Understanding Coq - Part 3 - Type Checking

Outline ------- Next post: Part 4 - Compilation ------- Previous post: Part 2 - The Calculus of Inductive Constructions

In this blog post I'll walk through the approach I took to type check the Calculus of Inductive Constructions (CoIC).

A special feature of the CoIC is that every construct in the CoIC has a type (even types themselves). So, in each subsection, I will look at how to type-check one construct of the CoIC and what the type of each language construct is.

Understanding Coq - Part 3 - Type Checking

Running Example

This post will use the Vector type and the append function for vectors to illustrate the type checking process.

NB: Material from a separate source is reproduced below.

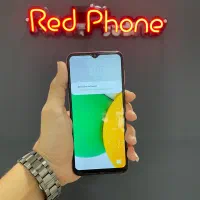 سامسونگ A03 core در حد نو به شرط سلامت|موبایل|رشت, سلیمانداراب|دیوار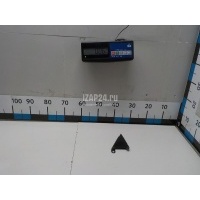 Накладка двери задней правой VAG Allroad quattro (2006 - 2012) 4F0853274CY9B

1  Inductive Vector (T : Set) : Natural -> Set :=
2  | Nil : Vector T Zero
3  | Cons (head : T) 
4         (tail_length : Natural) 
5         (tail : Vector T tail_length) 
6         : Vector T (Successor tail_length). 
7  
8  Fixpoint append (T : Set) (n m : Natural) (a : Vector T n) (b : Vector T m) : Vector T (add n m) :=
9  match a with
10  | Nil (_ : Set) => b
11  | Cons (T : Set) (head : T) (tail_length : Natural) (tail : Vector T tail_length) => 
12        Cons T head (add tail_length m) (append T tail_length m tail b).

Some Syntax

The following syntax thing1 : thing2 should be read as "the type of thing1 is thing2." For example, in C we could say 4.2 : float, or the type of 4.2 is the type float.

Sorts

Let's begin with one of the most basic, from a type checking perspective, language constructs, sorts. A sort is either the value Set, Prop, or Type i where i is a natural number. As we saw in the List, Vector, and modus_ponens example from the previous blog post, Set and Prop let us represent the type of types that are relevant to computing or proofs respectively.

Since every language construct in Coq has a type, it would make sense to ask what is the type of Set and Prop is. Well, the type of Set and Prop is, for lack of a better name, Type 1. Continuing this line of thinking, the type of Type 1 is Type 2, the type of Type 2 is Type 3, and the type of Type n is Type (n + 1). This defines an infinite hierarchy of types having types. This concept is referred to as type universes.

Type universes have a substantial impact on the type checking process, particularly with references to global constants, inductive types, and the constructors of inductive types. However, I don't have a strong understanding of how they work. Although there are good resources to understand how to use type universes as a programmer (like Adam Chlipala's textbook's chapter on universes), I struggled to find approachable resources that talked about how to implement type universes. For this reason, my type checker does not handle any of the effects that type universes have on other parts of the CoIC.

Below are some examples:

Natural : Set
Set : Type 1
Prop : Type 1
Type 1 : Type 2
Type 34 : Type 35

Some Definitions

Before going further we need to define two terms:

well-formed: Something is well-formed if it type checks.
well-sorted: Something is well-sorted if it is well-formed and its type is a sort.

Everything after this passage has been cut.